3423
Estimating cortical soma and neurite densities from diffusion MRI measures using a machine learning approach
Tianjia Zhu1,2, Minhui Ouyang1, Nikou Lei3, David Wolk4, Paul Yushkevich5, and Hao Huang1,5
1Department of Radiology, Children's Hospital of Philadelphia, Philadelphia, PA, United States, 2Department of Bioengineering, University of Pennsylvania, Philadelphia, PA, United States, 3Department of Physics, University of Washington Seattle, Seattle, WA, United States, 4Department of Neurology, University of Pennsylvania, Philadelphia, PA, United States, 5Department of Radiology, University of Pennsylvania, Philadelphia, PA, United States
We show that a data-driven machine learning approach developed using registered high-resolution dMRI and histological data of the macaque brain can predict soma and neurite densities from DTI and DKI metrics.

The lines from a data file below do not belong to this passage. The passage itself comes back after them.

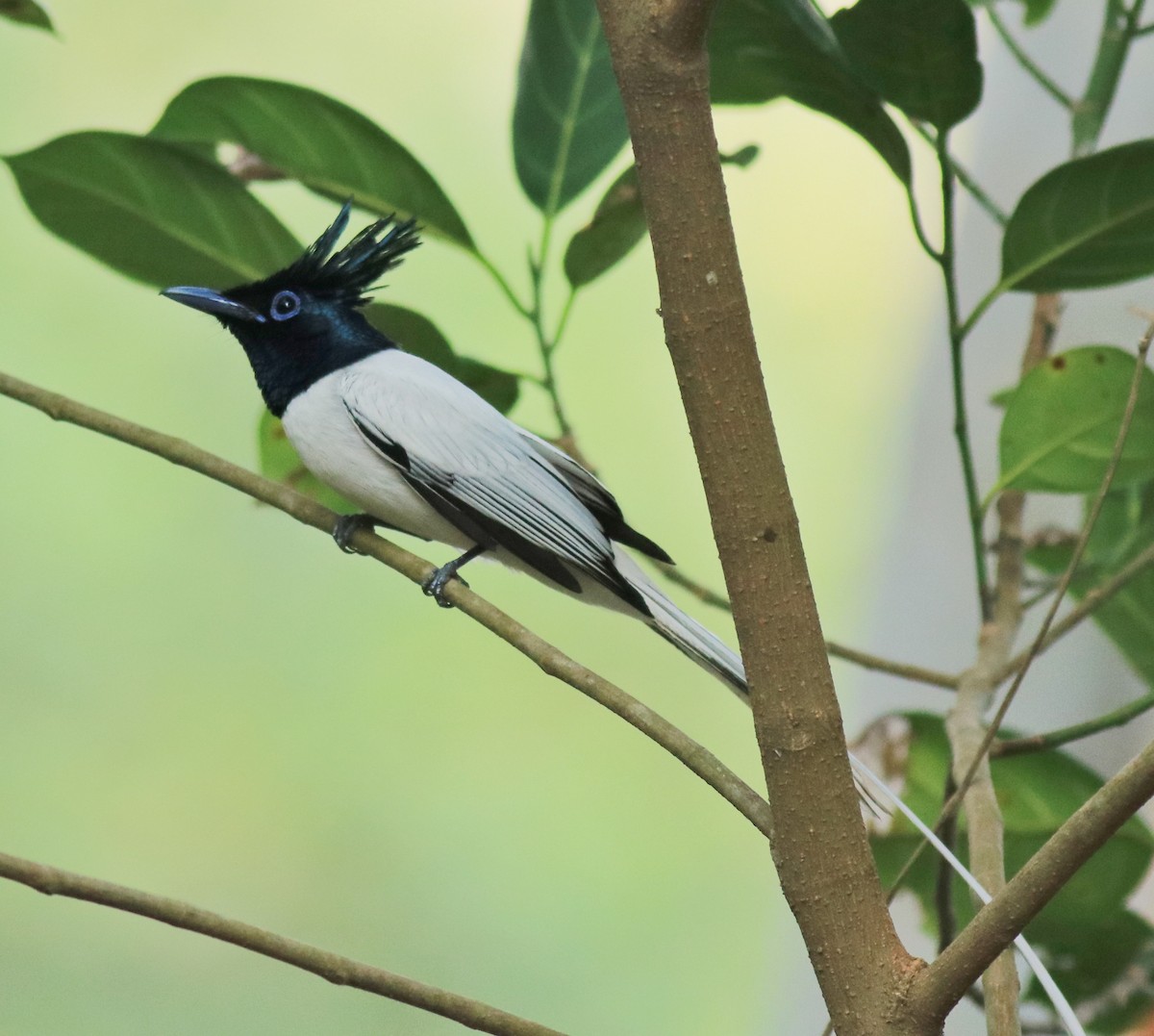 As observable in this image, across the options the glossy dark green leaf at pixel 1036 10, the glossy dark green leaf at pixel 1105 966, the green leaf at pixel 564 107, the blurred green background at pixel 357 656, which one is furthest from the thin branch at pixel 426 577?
the blurred green background at pixel 357 656

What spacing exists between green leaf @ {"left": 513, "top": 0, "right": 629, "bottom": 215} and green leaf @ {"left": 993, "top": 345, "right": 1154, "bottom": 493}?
378 millimetres

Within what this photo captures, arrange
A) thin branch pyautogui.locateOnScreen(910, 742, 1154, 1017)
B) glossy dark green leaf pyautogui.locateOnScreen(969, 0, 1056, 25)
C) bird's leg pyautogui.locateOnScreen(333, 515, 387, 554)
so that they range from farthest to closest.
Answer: glossy dark green leaf pyautogui.locateOnScreen(969, 0, 1056, 25), bird's leg pyautogui.locateOnScreen(333, 515, 387, 554), thin branch pyautogui.locateOnScreen(910, 742, 1154, 1017)

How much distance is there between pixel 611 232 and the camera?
1006mm

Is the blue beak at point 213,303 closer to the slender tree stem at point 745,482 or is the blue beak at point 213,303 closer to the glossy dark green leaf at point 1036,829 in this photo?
the slender tree stem at point 745,482

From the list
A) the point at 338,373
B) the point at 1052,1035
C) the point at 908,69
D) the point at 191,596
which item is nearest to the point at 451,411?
the point at 338,373

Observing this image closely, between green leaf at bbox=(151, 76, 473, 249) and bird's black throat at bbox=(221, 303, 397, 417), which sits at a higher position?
green leaf at bbox=(151, 76, 473, 249)

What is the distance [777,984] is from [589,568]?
1.37 metres

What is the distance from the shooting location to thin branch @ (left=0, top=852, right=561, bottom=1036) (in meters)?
0.52

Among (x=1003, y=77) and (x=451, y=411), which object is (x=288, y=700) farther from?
(x=1003, y=77)

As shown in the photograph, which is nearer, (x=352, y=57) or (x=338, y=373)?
(x=338, y=373)

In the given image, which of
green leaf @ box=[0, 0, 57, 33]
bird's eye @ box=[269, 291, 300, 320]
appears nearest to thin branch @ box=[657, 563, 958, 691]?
bird's eye @ box=[269, 291, 300, 320]

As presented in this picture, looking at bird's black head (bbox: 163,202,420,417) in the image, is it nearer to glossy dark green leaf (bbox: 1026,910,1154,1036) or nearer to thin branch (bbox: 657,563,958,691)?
thin branch (bbox: 657,563,958,691)

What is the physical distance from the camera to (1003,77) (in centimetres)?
199

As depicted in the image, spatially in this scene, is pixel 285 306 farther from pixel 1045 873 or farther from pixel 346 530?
pixel 1045 873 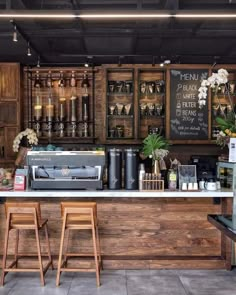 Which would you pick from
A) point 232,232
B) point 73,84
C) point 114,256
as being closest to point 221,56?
point 73,84

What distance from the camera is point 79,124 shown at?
691cm

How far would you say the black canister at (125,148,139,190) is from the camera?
13.9 ft

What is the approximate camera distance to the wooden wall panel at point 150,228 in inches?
173

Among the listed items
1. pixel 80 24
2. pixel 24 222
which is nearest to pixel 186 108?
pixel 80 24

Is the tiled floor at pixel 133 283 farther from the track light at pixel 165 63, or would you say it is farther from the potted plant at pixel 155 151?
the track light at pixel 165 63

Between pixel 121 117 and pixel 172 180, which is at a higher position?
pixel 121 117

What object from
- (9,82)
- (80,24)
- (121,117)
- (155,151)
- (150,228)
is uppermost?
(80,24)

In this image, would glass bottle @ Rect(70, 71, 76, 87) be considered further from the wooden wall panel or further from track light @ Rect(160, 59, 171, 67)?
the wooden wall panel

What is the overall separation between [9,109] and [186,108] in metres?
2.97

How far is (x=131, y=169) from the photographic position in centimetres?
423

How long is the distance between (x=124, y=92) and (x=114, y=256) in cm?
318

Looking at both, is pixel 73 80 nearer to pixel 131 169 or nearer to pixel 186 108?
pixel 186 108

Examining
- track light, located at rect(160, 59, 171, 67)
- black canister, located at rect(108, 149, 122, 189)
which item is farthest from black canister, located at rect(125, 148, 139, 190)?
track light, located at rect(160, 59, 171, 67)

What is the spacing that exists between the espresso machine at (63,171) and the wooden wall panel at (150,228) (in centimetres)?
31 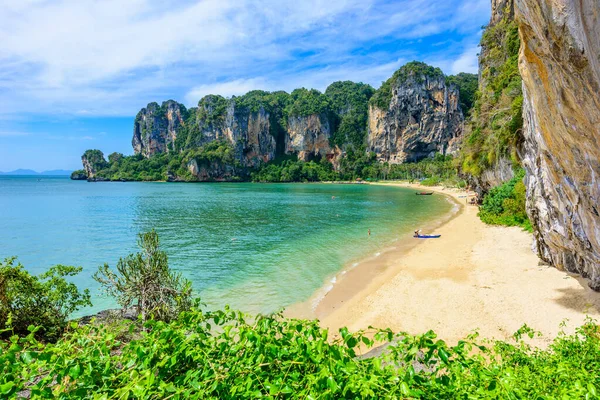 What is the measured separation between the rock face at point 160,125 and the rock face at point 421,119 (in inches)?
4819

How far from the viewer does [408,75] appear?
402ft

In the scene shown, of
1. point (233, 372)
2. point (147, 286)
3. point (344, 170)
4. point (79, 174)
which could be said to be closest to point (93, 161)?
point (79, 174)

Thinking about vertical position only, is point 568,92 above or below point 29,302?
above

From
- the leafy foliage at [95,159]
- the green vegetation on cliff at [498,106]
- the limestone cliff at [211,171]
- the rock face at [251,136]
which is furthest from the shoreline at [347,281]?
the leafy foliage at [95,159]

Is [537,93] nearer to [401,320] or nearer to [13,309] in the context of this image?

Fig.1 Soma and neurite densities (SD and ND) estimation from diffusion MRI metrics. Left: Diffusion weight images registration and DTI, DKI fitting. Cortical segmentation and overlay on fitted parameter maps. axial kurtosis (AK), radial kurtosis (RK), mean kurtosis (MK), fractional anisotropy (FA), axial diffusivity (AD), radial diffusivity (RD), mean diffusivity (MD). Middle: Each voxel in the cortex served as a training sample in random forest regressor. Right: Estimated SD and ND values. Estimation evaluation and extraction of feature importance from model.
Fig.4 Soma and neurite densities (SD and ND) estimation results and feature importance. A: Significant linear correlation between ground truth SD and estimated SD on validation set. (P<0.0001, mean absolute error (MAE)=0.017, Pearson correlation coefficient r=0.53). B: Significant linear correlation between ground truth ND and estimated ND on validation set. (P<0.0001, MAE= 0.038, Pearson correlation coefficient r=0.53). Panel C: Feature importance for each metric. MK ranks firsts for both SD and ND estimation.